You've got questions? He's got answers! Go ahead and Ask The President
Letters to Ask The President may be edited for clarity.
Dear Mr Bush --
The Russians are bonding with the North Koreans and Chinese; there are strong signals that all out war is breaking out in Israel/Palestine
etc; the IRA is backing out of disarmament; the Mayor of Vieques is serving time for protesting the "pretend real good" US bombing of his island, Saddam Hussein's pledge to "ruin George Jr's vacation" has been met by bombing; and even American Samoa is no longer a happy camper.
My first question is -- who disappeared first -- Chandra Levy, or
Colin
Powell? My second question is -- presumably if he is found -- what exactly are
his duties? As a "Secretary" of State -- does he just make coffee?
Sincerely, Chookie Chapati
Dear Chookie,
Colin is missing? I told him not to go jogging in the park! And just so you knows, not only does he make a great cup of coffee, he excels at typing, filing and answering the phones.
God bless me,
W.
Dear George,
Whats 2+2? To hard for you?
Secondly, what is the capital of Canada.
What do you think of prime minister Jean Poutine? hehe
Regards, President Earl Washburn
Dear Earl,
2+2 is either four or five, I can't really remember since I learned it so long ago. The capital of Canada is Hockeytown. And who is Jean Poutine, I thought the prime minister was that other Jean fellow, I think his last name starts with "c". How many prime ministers does Canada have?
Hey! I sees you is a president too! What country is you from? It's a great job, isn't it? People are so stupid, they believes anything.
God bless me,
W.
How long have you been a criminal?
Do you know what the terms "treason" and "obstruction of justice" mean?
Mary Ellen
Dear Mary Ellen,
Surely you is confused. I am not a criminal, a criminal is someone who is actually caught being illegal. Which I have not. And yes, I do understand what "treason" and "obstruction of justice" means. I also knows what "my daddy can gets anyone lookin' into my activities killed" means .
God bless me,
W.
Dear Mr. President,
Have you heard from Kenny-boy at Enron lately? Are you still friends? What is Big Brother John going to do about Kenny-boy?
And about the Axis of Evil: why didn't you include Germany, England and Saudi Arabia, where Mohammed Attan and his "freedom-hating" friends had been hanging out; and Pakistan, which is not only a nuclear state, but the one that supplied arms to the Taliban? What is the goal of this coalition -- a War on Terror, or a Narco-terrorist War? By the way, if you talk to General Mushroom or something, you should send your greetings to HeckMartyr, or whatever his name is.

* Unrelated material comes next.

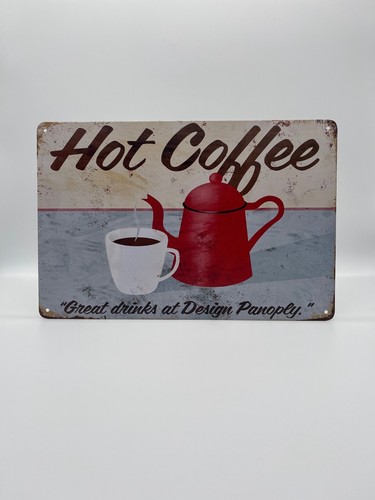 Blechschild hot coffee 20x30cm - blechschild,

Are you compromising your Bush Doctrine? Terrorism is terrorism no matter what the cause, right? Besides, ends don't justify the means, unless it is to liberate countries from the grips of tyrannicallistic evil-doers like Sodom, Mivoselic, Kim Il-Jong, Khamatti, and Yaris Afarat, and other foreigners that are hard to spell, much less pronounce. And given time I'm sure your father would surely have stopped SirRathole or whatever in Indonesia, if his friends in the military industry and that Thatcher chic didn't have to do business with him.

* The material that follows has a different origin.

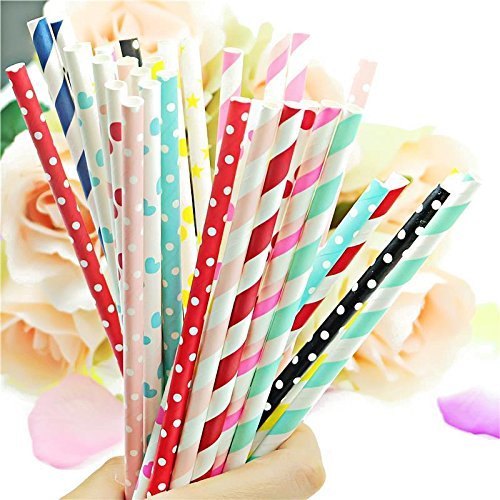 Paper Straws Printed 20pc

Sincerely, Paul from Chicago
Dear Paul,
I can tells one thing from your letter. You are unpatriotic, an evildoer and possibly a terrorist. I has forwarded your letter to my good buddies John Ashcroft and Tom Ridge and some other good friends of ours will be paying you a visit real soon. After all, how many Paul's could there be in Chicago?
God bless me,
W.
Dear Shrub,
Have you figured out why their aren't any black people in Brazil? Do you ever worry about seeing your daughters on "Girls Gone Wild?" If you were a tree what type of tree would you be?
Thanks for taking the time to answer my questions.
Josh in Corvallis, Oregon
Dear Josh,
I thinks there is probably no black peoples in Brazil because it's so far south that the white peoples are still really close-headed and prejudicial.

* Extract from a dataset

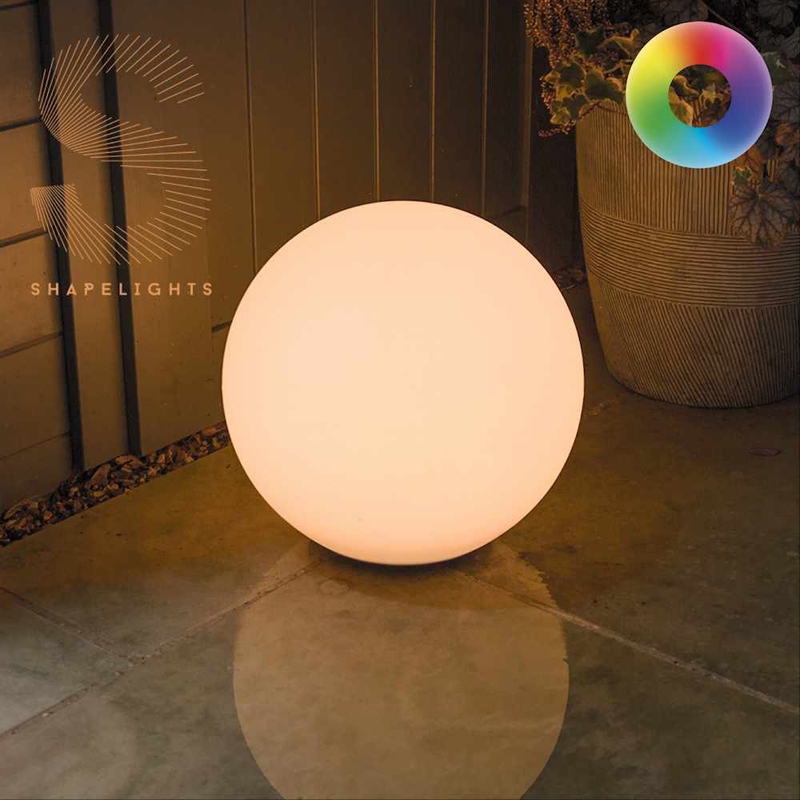 Suri Shapelights Sphere Solar Colour Changing LED USB Outdoor Feature Light - White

I never has to worry about my lovely twins being in one of them pornographic "Girls Gone Wild" videos. They are very innocent about such things. Heck, a while ago they went to New Orleans during Mardi Gras and I was worried they would get to drinkin. But it seems they spent the whole time shopping instead. You should've seen all the plastic beaded necklaces they brought home. Must of been two suitcases full of them.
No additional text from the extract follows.